Other than attending the National Governors’ Conference at Bolton Landing’s Sagamore hotel in 1954, Richard Nixon did not, so far as I know, ever visit the Adirondacks.
Yet he was recently ranked the second most environmentally progressive president in American history because, I would argue, of his connection to the Adirondacks.
That connection was supplied by Russell Train, Nixon’s first chairman of the White House Council on Environmental Quality and head of the Environmental Protection Agency under both Nixon and President Ford.
“Train was among those who shaped the world’s first comprehensive program for scrubbing the skies and waters of pollution, ensuring the survival of ecologically significant plants and animals, and safeguarding citizens from exposure to toxic chemicals,” The New York Times commented upon his death in 2012.
At the age of 45, Train abandoned a successful legal and judicial career to become a full-time conservationist – a decision that was prompted in part by his passionate attachment to the outdoors, which he had acquired during his summers in the Adirondacks.
Train was the nephew of Judge Augustus Hand, and he spent virtually every summer of his youth at the family home in Elizabethtown, which served as a base for explorations of the High Peaks and Lake Champlain.
Like other American elites of his generation, Train grew up with the belief that wilderness should be preserved for its own sake, for its aesthetic and spiritual value, and not merely for such utilitarian purposes as fire, flood and drought control.
In January, 1970, Nixon tasked Train, who was working as an under-secretary of the Interior, with coordinating the administration’s environmental policies as chairman of his Council on environmental quality
Back in the Adirondacks, his relative by marriage, Richard W. Lawrence, was serving on Governor Nelson Rockefeller’s Temporary Study Commission on the Future of the Adirondacks, charged with protecting wilderness and promoting outdoor recreation
Both Nixon and Rockefeller recognized the potency of the nascent environmental movement and hoped to harness it for their own purposes.
Unlike Rockefeller, Nixon had few personal convictions about wild nature or environmental issues.
That, however, suited Train, since Nixon’s indifference allowed him more autonomy and enabled him to work without interference from the White House.
Train happened to be vacationing in the Adirondacks in August, 1974 when Nixon left office in disgrace.
(Watching Nixon’s resignation speech with his wife from the Ausable Club, Train commented, “we shared the relief of most Americans.”)
As head of Ford’s Environmental Protection Agency, Train resisted efforts by the administration to roll back curbs on air and water pollution.
Among his most significant achievments was the development of Clean Water regulations that require industrial runoff – including that generated by marinas – from entering waters used for drinking, recreation and fishing.
The relevance of those rules for Lake George was recently affirmed by a law suit brought by the Riverkeeper and Waterkeeper Alliance organizations against the state’s Department of Environmental Conservation for failing to enforce the federal rules.
Of course, it’s not surprising that a father of modern national environmental policy should have Adirondack connections.
The president accorded the highest rank as an environmental progressive, Theodore Roosevelt, was also introduced to the Adirondacks as a child, during family vacations on Lake George.
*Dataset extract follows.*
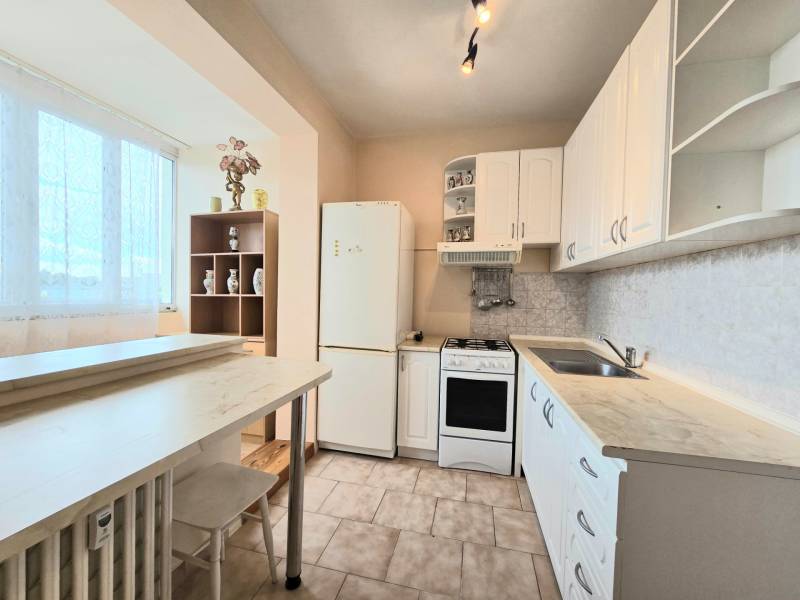 Sale One bedroom apartment, One bedroom apartment, Na hlinách, Trnava,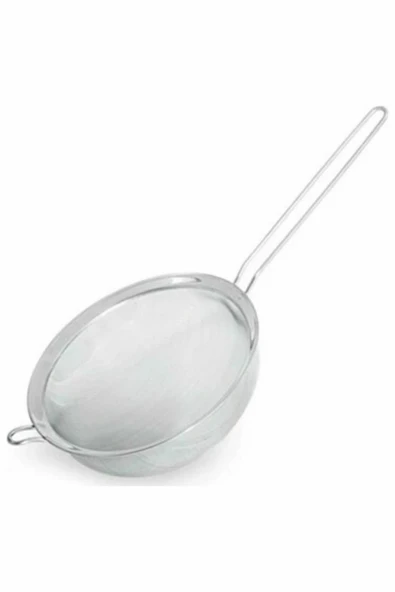 Boğaziçi Tel Süzgeç 22 Cm ürün görseli 1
His first book, published while still an undergraduate at Harvard, was about the Adirondacks: “The Summer Birds of the Adirondacks,” which he wrote after an extended stay in Franklin County with his friend Henry Minot.
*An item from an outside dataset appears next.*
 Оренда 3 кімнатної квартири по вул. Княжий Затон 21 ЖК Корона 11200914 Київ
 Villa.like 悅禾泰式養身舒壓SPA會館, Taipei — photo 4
In fact, it would not be too much an exaggeration to claim that the Adirondack Park is the birthplace of modern environmentalism – and not just because of the state constitution’s early and far sighted protection of the Adirondack wilderness, which, among other things, served as the model for the 1964 law establishing a national wilderness preservation system.
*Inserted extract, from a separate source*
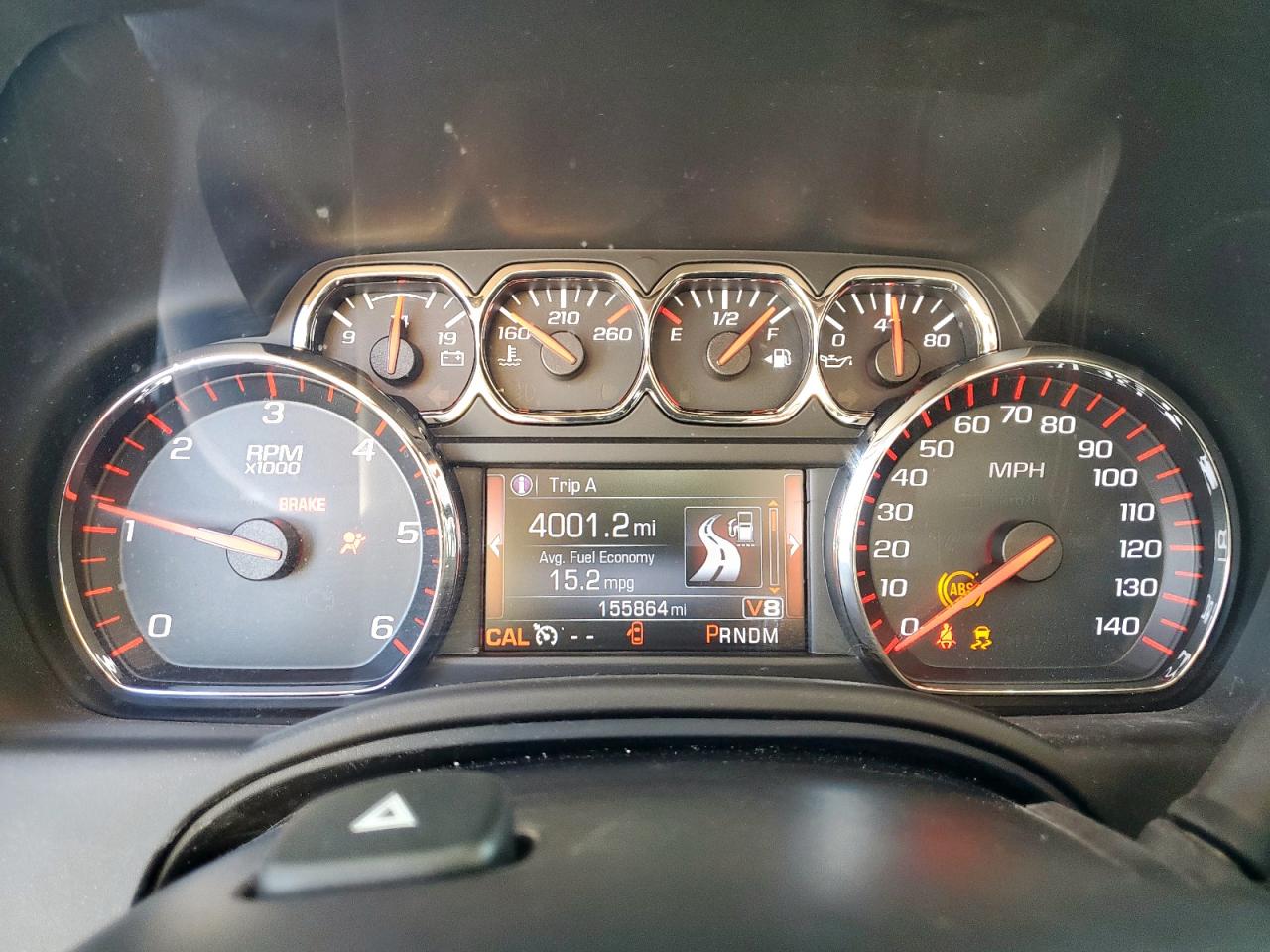 GMC Yukon K1500 Sle Image 12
The Adirondacks have also exercised a powerful influence upon writers. Writers, Bill McKibben argues in his introduction to “American Earth,” an anthology of environmental writing since Thoreau, “often drove the environmental movement… and (it is on writers) whom the movement continues to draw.”
Somehow, the Adirondacks have seeped into the bones and the souls of generations of politicians, policy makers, artists and writers, and have thereby altered the course of a country far larger than its six million acres. Perhaps no other argument in defense of the protection of the Adirondack wilderness is needed.